For example, as seen in example 414, the example system can receive an original image and a conditioning input (“face of a man wearing glasses”) and can generate a high-quality image of a woman wearing glasses that is faithful to the original image.

FIG. 4C can further compare the modified images of the example system (“RF model”) with one or more traditional diffusion based methods (such as, e.g., the diffusion based methods described above with reference to FIG. 4B).

As depicted in FIG. 4C, while each of the diffusion based methods are able to generate a high-quality modified image, the methods described in this specification using the rectified flow neural network generate a modified image that is the most faithful modified image to the original image for both example 414 and example 416.

FIG. 5 illustrates the improvement in realism and faithfulness of the modified image generated by the example system.

Further to the visuals demonstrated in FIGS. 4A and 4B, as depicted in the table, the method performed by the example system can outperform prior methods in faithfulness and realism according to one or more metrics.

A L2 loss metric can represent the fundamental, pixel-by-pixel metric that measures fidelity between two pieces of data. More specifically, the loss quantifies the average squared distance between every point in a predicted output and the corresponding ground truth input. A lower L2 loss ensures higher fidelity (e.g., that the image reconstructed from the inverted noise is an exact, pixel-for-pixel copy of the original image.

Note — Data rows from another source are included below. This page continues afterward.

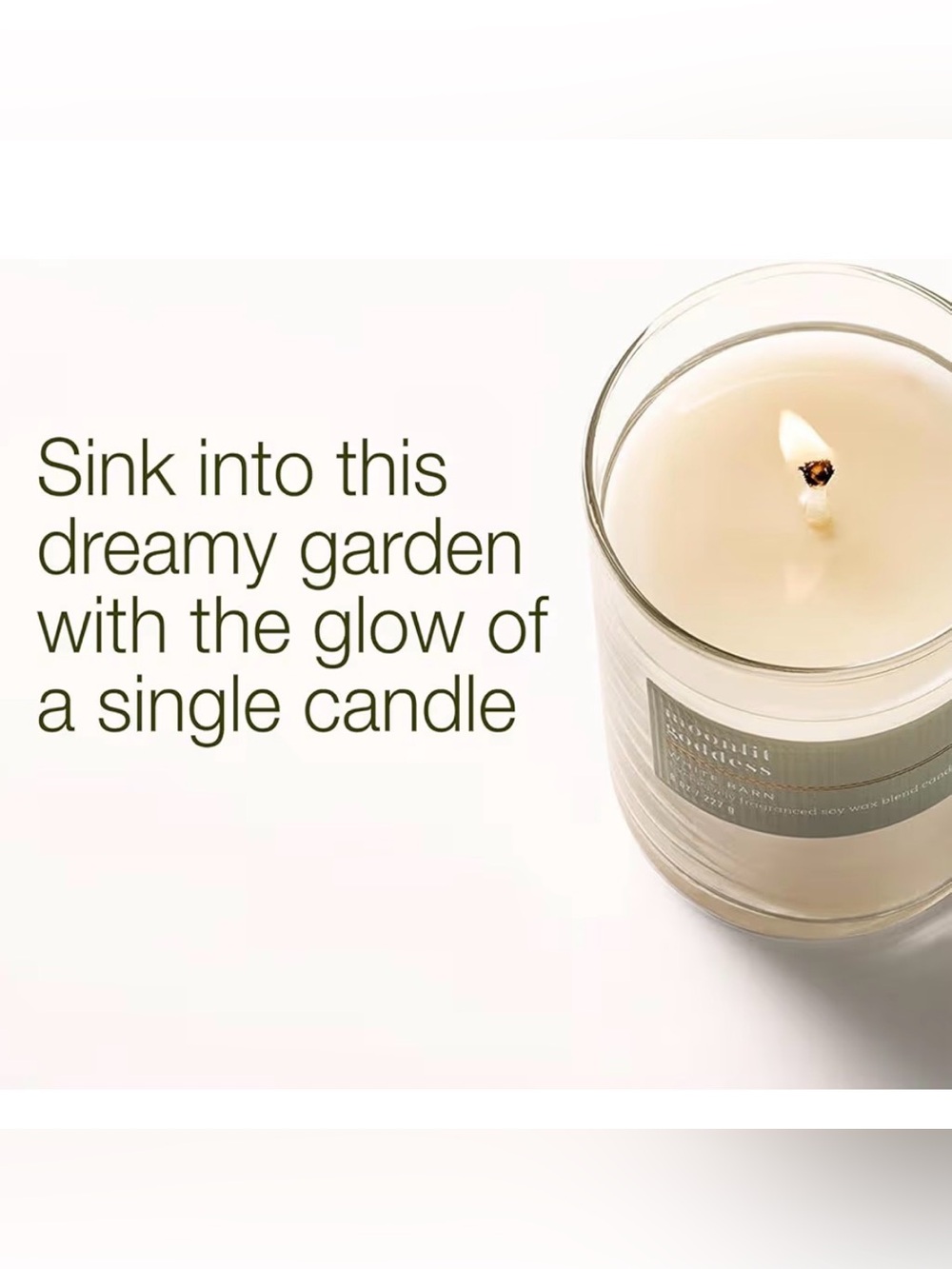 Bath & Body Works Single Wick Candle - Moonlit Goddess - Picture 2 of 5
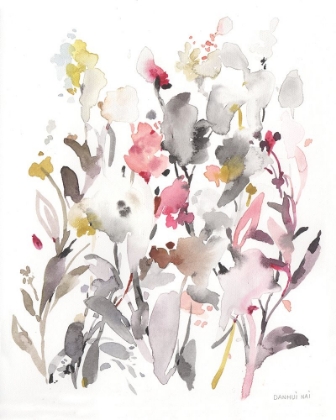 Picture of BREEZY FLORALS I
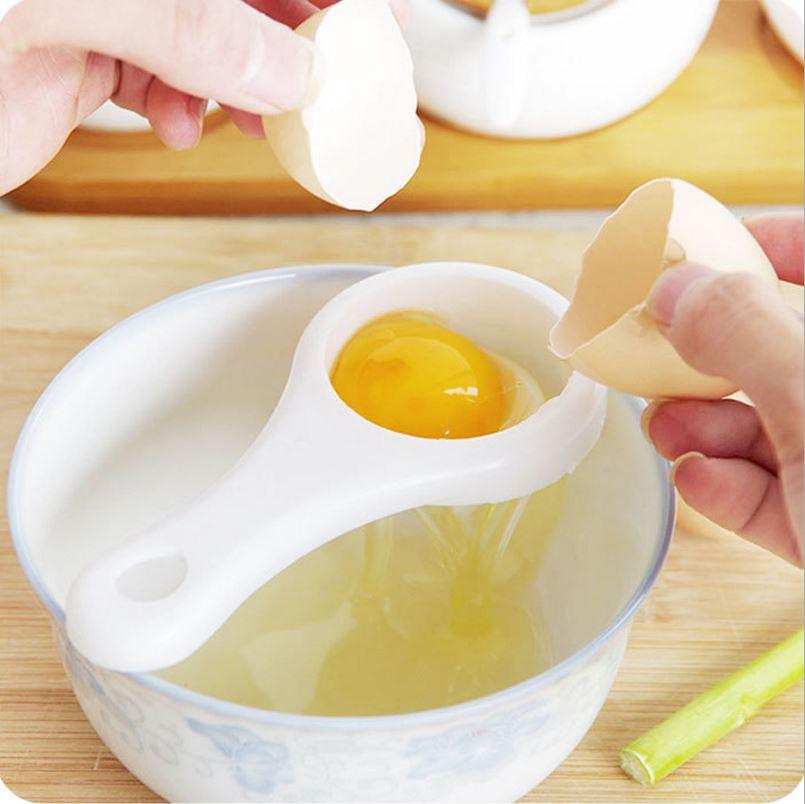 [HCM]Combo 2 Dụng cụ tách lòng đỏ trứng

A kernel inception distance (KID) metric can represent a high-level metric used to evaluate the quality and diversity of images generated by a model, comparing the distribution of the generated images to the distribution of real images to capture realism. A lower KID indicates that the generated images are statistically very similar to the real training images in terms of visual quality, color, and texture. As seen in the test split for the bedroom dataset (e.g., example 404 of FIG. 4B), the approach described in this specification is 4.7% more faithful and 13.79% more realistic than the best optimization free method of SDEdit and 73% more realistic than the optimization based method NTI.

Additionally, the table depicts the percentage of users that prefer to use the method described in this specification over each alternative in pairwise comparisons. For all the methods, the majority of users (+50%) preferred to use the method described in this specification.

FIG. 6 is a flow diagram of an example process for generating a modified image.

For convenience, the process 600 will be described as being performed by a system of one or more computers located in one or more locations. For example, a system, e.g., the system 100 depicted in FIG. 1, appropriately programmed in accordance with this specification, can perform the process 600.

The system can obtain an original image and a conditioning input that specifies a modification to be applied to the original image (602).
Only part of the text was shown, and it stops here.